Sept. 9, 2008 – The UNC-Chapel Hill School of Dentistry community had been prepared for the sounds of demolition this week – but the sight proved even more impressive, as a large machine began the process of pulverizing the building in place.

“The demolition equipment outside my fourth-floor window looks like the jaws of a mechanical dinosaur biting the Dental Research Center, its neck articulating as it tears off a piece,” said Dr. Al Wilder, professor of operative dentistry at the School. “And then there’s the noise, a loud thump as concrete hits the ground, and Brauer Hall shakes. This must be the UNC version of ‘Jurassic Park’.”

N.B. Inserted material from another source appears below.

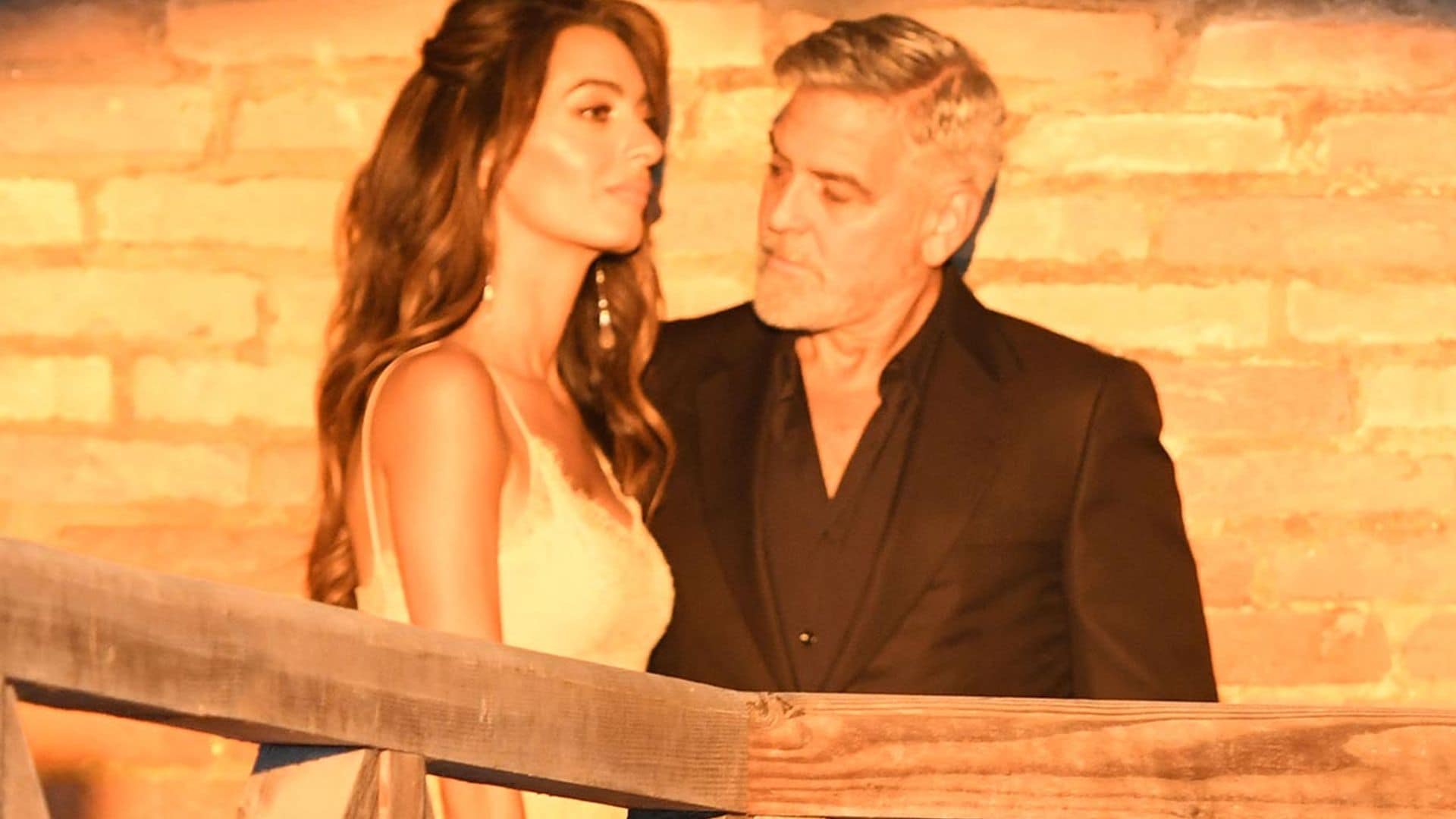 Amal Clooney triunfa en Venecia ante la mirada enamorada de George Clooney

Water is being sprayed on the building as demolition is taking place to minimize the dust, said Al Elsenrath, Support Services director. By 1 p.m. Tuesday (Sept. 9), about 30 percent of the upper floors had been demolished, he added. No explosives are being used in the process.

After the Dental Research Center is demolished, the resulting debris will be used as in-fill, and the machine will move to the adjacent Dental Office Building for the same type of process. Both buildings are estimated to be demolished and the sites restored in November.

This work is a part of the Dental Sciences Building project. The Dental Sciences Building will, when completed in late 2011, encompass 216,000 square feet of state-of-the-art educational, research and office and administrative space.

The School of Dentistry’s research laboratory operations relocated from the Dental Research Center to Research Triangle Park in May in preparation for the decommissioning and demolition process. The RTP site will serve as a “home away from home” for the research laboratories as the new building is being constructed, said Dr. James Beck, associate dean for research.

The Dental Research Center was officially dedicated in October 1967. A one-story Dental Office Building was constructed in 1976, with two floors added in the early 1980s.